Вчера целый день к Высоцкому шли люди. Кто к памятнику на Ваганьковском, кто в Театр на Таганке, а кто просто обращался к своей памяти...
Всходили и падали герои, а хриплый голос певца и актера притягивает к себе, как прежде. Высоцкий не растворился даже в мифе о самом себе, который пытались творить все кому не лень. Сколько слухов, сплетен, версий о его жизни и смерти было за это время, но энергия голоса, стиха, гитары Высоцкого прорвалась сквозь сиюминутность, оставшись навсегда. Главный режиссер Театра на Таганке, где прошла вся творческая жизнь Владимира Высоцкого-актера, Юрий Петрович Любимов и сегодня вспоминает о нем, как о живом.
Он выглядел без возраста
Российская газета | Юрий Петрович, почему столько кумиров кануло за это время, а Высоцкого и помнят и вспоминают, как живого, к нему даже собственный миф не прилип и не обезобразил?

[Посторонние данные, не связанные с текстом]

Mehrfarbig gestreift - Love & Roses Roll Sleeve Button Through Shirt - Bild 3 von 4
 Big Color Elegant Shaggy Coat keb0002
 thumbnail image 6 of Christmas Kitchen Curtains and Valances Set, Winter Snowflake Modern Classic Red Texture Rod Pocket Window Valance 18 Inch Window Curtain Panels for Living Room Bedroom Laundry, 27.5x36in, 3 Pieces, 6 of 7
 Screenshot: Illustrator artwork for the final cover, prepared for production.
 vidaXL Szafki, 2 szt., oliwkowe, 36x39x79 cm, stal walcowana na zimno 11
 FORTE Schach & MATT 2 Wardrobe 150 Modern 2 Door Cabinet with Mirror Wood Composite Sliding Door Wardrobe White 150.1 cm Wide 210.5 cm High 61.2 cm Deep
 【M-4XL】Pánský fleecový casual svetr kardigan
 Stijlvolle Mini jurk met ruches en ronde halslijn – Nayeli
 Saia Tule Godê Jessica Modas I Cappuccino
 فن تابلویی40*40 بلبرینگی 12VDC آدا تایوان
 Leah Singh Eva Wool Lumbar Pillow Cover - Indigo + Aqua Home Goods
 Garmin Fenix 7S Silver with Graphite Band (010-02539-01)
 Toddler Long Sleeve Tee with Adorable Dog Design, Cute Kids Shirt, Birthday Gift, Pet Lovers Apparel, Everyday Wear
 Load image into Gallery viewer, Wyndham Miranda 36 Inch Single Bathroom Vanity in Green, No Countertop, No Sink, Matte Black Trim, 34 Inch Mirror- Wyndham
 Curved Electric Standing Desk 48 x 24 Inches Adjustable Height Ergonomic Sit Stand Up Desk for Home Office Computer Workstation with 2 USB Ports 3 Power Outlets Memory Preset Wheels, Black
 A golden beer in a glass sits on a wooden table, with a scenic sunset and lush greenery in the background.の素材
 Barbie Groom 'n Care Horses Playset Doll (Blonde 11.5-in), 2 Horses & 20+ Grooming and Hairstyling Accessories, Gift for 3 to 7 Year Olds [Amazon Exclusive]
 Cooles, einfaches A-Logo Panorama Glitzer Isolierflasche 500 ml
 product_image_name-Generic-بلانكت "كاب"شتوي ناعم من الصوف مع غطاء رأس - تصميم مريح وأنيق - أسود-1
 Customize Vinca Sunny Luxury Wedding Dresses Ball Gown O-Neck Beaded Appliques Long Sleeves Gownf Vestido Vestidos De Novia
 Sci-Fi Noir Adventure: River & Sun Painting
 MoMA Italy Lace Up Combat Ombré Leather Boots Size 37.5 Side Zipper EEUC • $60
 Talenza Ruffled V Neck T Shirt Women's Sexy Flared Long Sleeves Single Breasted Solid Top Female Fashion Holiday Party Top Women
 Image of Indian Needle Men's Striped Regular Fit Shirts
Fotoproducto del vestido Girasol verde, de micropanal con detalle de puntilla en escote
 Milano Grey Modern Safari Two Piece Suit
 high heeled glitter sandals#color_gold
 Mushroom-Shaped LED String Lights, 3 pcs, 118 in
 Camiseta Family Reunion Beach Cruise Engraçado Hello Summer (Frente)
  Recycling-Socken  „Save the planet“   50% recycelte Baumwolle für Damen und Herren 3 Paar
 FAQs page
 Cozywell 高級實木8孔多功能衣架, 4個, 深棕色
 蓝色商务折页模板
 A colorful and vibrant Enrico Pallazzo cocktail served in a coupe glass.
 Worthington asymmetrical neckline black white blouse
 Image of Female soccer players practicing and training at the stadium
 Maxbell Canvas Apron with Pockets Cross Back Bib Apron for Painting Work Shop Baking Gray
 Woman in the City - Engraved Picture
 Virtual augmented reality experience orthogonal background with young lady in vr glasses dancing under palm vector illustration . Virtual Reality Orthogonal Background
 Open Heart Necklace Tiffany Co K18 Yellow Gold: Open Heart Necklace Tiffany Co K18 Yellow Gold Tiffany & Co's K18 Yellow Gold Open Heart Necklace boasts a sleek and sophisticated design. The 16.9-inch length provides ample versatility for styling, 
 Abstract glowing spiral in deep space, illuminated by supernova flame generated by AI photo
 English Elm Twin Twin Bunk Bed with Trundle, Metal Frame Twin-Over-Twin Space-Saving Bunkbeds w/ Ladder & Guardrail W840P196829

Юрий Любимов | Есть смысл вспоминать. У меня с ним ведь особые отношения. Никого не спрашиваешь, вспоминать или нет. Если вспоминается, то нормальные люди и вспоминают. Высоцкий проработал у меня на Таганке до самой смерти. А играл в театре с самых первых шагов, еще в "Антимирах".
РГ | Когда познакомились с ним, он вам спел?
Любимов | Его привели друзья его или дамы и, видимо, сказали, что шеф любит, когда поют. Сначала он прочитал мне Маяковского. Как обычно читают, ничего особенного. Потом я показываю на гитару, которая стоит в углу: "Это вам коллеги сказали, что шеф гитару любит?" "Да, - говорит, - сказали". - "Ну, раз принесли, сыграйте". Когда он стал петь, я его слушал сорок пять минут, несмотря на дела. И сказал: "Приходите, будем работать". Потом стал наводить справки. Мне говорят: "Знаете, лучше не брать. Он пьющий человек". Ну, подумаешь, говорю, еще один в России пьющий, тоже невидаль.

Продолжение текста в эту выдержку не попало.